In June 2019, the diocese broke ground on the new construction site. The building, around 9,800-square-feet, has about 20 offices and three large meeting spaces, as well as an outdoor garden honoring St. Theresa. The new building is on the property of the former St. Theresa Parish.
Outside the new building is St. Theresa Garden. It features a St. Theresa statue, which was previously in St. Theresa Church, as well as limestone from the church, a bench and flowers.
During his blessing, Bishop Siegel said it truly was the day the Lord had made, and it was a day many have hoped for and planned for many years.

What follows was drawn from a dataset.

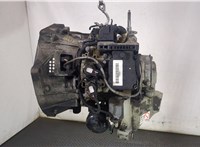 9666987680 КПП - робот Citroen C4 2004-2010 9014157 #3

The bishop asked the Lord to bless the new facility and those who, through Catholic Charities, are devoted to helping their brothers and sisters.
The bishop said many people with struggles, challenges and sorrows look to the church, and, in a special way, to Catholic Charities to assist them in their time of need. Catholic Charities help these people carry their crosses, the bishop said, and help advance the spirit of hope in their lives.
Bishop Siegel sprinkled holy water on three crucifixes that were made by a St. Theresa parishioner and constructed from pews that were in St. Theresa Church, as well as a large crucifix, more than 10-feet tall, from Nativity Church that is hanging in a gathering room.
The bishop then walked through the halls and sprinkled holy water throughout Catholic Charities’ new building.
One of the three crucifixes will be placed in the lobby of the new Catholic Charities building, another in the executive director’s office and the third will be next door in the former St. Theresa rectory, which serves as the offices for Handy Helpers Home Repair.
Catholic Charities provides professional services to all regardless of race, religion, ethnicity, orientation or gender. Services include counseling, job and life skills training, immigration services, financial assistance programs, and collaborating with community partners.
Townsend thanked many people who were involved in making the new building a reality, including Bishop Siegel, Diocesan Chancellor and COO Tim McGuire, support of financial donors and the building committee.
Bishop Siegel also thanked Archbishop Charles C. Thompson, whose vision included the new building in the Stewards of God’s Grace Capital Campaign.
Townsend expressed appreciation to Burns for her leadership, vision and dedicated service, so Catholic Charities can continue the “life-changing services and work that will truly impact our community.”
“As we look to the future, Charities will use this facility as a foundation to continue our vital services that help the vulnerable in our community to create lives that work,” Townsend said. “Through our services, we strive to help those served improve their mental health and financial stability and to reduce the impact of poverty.”
Judy Kropfl, Catholic Charities Board President and parishioner of St. John the Baptist in Newburgh, prayed that the “roots of faith, hope and love (St. Theresa parishioners) cultivated over the years” prepared the foundation for Charities to continue their work in helping others.
“We’re appreciative of the many faithful parishioners of St. Theresa Parish who carefully stewarded this property for many years, so that (Catholic Charities) can now serve the community,” Kropfl said.
Evansville Mayor Lloyd Winnecke said he was struck by the serenity of the new space and called it special. Winnecke said he is confident the “faith, hope and love of those roots will continue for generations to come.”
“I know that we’re a really blessed community in many ways, but one of the ways we are blessed is we have a network of nonprofit organizations that are really committed to doing the heavy lifting day in and day out,” he said.